▶ [How to complete this task]
When you reach the records, transcribe each one exactly.

BEGIN Dataset extract

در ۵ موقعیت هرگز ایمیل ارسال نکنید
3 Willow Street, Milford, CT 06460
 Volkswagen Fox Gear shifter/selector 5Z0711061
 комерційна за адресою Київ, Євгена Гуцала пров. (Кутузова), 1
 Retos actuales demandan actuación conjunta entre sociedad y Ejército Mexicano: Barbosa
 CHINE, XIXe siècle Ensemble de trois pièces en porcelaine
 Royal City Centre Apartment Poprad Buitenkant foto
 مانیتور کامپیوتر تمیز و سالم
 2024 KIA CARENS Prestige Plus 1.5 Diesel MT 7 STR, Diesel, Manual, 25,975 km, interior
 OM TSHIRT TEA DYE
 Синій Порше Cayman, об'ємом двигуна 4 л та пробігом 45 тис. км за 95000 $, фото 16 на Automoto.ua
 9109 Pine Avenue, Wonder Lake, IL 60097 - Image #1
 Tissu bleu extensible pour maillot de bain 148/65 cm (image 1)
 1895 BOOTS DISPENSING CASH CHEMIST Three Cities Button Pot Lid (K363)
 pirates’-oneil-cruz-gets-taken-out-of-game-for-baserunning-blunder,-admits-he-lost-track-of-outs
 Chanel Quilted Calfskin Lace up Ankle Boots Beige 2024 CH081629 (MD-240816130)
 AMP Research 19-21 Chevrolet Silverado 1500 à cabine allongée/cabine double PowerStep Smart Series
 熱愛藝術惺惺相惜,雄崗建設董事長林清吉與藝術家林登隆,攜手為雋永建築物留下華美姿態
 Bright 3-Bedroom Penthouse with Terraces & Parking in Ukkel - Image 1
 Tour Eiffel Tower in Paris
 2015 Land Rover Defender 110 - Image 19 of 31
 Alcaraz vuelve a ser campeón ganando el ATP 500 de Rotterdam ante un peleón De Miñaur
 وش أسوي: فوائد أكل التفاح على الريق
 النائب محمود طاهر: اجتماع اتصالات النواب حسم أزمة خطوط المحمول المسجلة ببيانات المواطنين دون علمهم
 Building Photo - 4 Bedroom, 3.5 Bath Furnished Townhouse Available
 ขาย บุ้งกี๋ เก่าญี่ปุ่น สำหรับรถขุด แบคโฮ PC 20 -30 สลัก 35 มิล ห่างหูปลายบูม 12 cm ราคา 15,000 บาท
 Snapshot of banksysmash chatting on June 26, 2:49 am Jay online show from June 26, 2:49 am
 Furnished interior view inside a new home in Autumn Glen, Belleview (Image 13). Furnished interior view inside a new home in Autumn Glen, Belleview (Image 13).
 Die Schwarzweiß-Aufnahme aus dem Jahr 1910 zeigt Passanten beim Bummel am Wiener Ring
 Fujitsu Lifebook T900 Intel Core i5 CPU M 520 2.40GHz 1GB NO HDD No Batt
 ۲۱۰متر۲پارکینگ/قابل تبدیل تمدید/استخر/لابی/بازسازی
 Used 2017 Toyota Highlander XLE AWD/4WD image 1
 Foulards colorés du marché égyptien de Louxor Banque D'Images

END Dataset extract

▶ [Expected answer]
در ۵ موقعیت هرگز ایمیل ارسال نکنید
3 Willow Street, Milford, CT 06460
 Volkswagen Fox Gear shifter/selector 5Z0711061
 комерційна за адресою Київ, Євгена Гуцала пров. (Кутузова), 1
 Retos actuales demandan actuación conjunta entre sociedad y Ejército Mexicano: Barbosa
 CHINE, XIXe siècle Ensemble de trois pièces en porcelaine
 Royal City Centre Apartment Poprad Buitenkant foto
 مانیتور کامپیوتر تمیز و سالم
 2024 KIA CARENS Prestige Plus 1.5 Diesel MT 7 STR, Diesel, Manual, 25,975 km, interior
 OM TSHIRT TEA DYE
 Синій Порше Cayman, об'ємом двигуна 4 л та пробігом 45 тис. км за 95000 $, фото 16 на Automoto.ua
 9109 Pine Avenue, Wonder Lake, IL 60097 - Image #1
 Tissu bleu extensible pour maillot de bain 148/65 cm (image 1)
 1895 BOOTS DISPENSING CASH CHEMIST Three Cities Button Pot Lid (K363)
 pirates’-oneil-cruz-gets-taken-out-of-game-for-baserunning-blunder,-admits-he-lost-track-of-outs
 Chanel Quilted Calfskin Lace up Ankle Boots Beige 2024 CH081629 (MD-240816130)
 AMP Research 19-21 Chevrolet Silverado 1500 à cabine allongée/cabine double PowerStep Smart Series
 熱愛藝術惺惺相惜,雄崗建設董事長林清吉與藝術家林登隆,攜手為雋永建築物留下華美姿態
 Bright 3-Bedroom Penthouse with Terraces & Parking in Ukkel - Image 1
 Tour Eiffel Tower in Paris
 2015 Land Rover Defender 110 - Image 19 of 31
 Alcaraz vuelve a ser campeón ganando el ATP 500 de Rotterdam ante un peleón De Miñaur
 وش أسوي: فوائد أكل التفاح على الريق
 النائب محمود طاهر: اجتماع اتصالات النواب حسم أزمة خطوط المحمول المسجلة ببيانات المواطنين دون علمهم
 Building Photo - 4 Bedroom, 3.5 Bath Furnished Townhouse Available
 ขาย บุ้งกี๋ เก่าญี่ปุ่น สำหรับรถขุด แบคโฮ PC 20 -30 สลัก 35 มิล ห่างหูปลายบูม 12 cm ราคา 15,000 บาท
 Snapshot of banksysmash chatting on June 26, 2:49 am Jay online show from June 26, 2:49 am
 Furnished interior view inside a new home in Autumn Glen, Belleview (Image 13). Furnished interior view inside a new home in Autumn Glen, Belleview (Image 13).
 Die Schwarzweiß-Aufnahme aus dem Jahr 1910 zeigt Passanten beim Bummel am Wiener Ring
 Fujitsu Lifebook T900 Intel Core i5 CPU M 520 2.40GHz 1GB NO HDD No Batt
 ۲۱۰متر۲پارکینگ/قابل تبدیل تمدید/استخر/لابی/بازسازی
 Used 2017 Toyota Highlander XLE AWD/4WD image 1
 Foulards colorés du marché égyptien de Louxor Banque D'Images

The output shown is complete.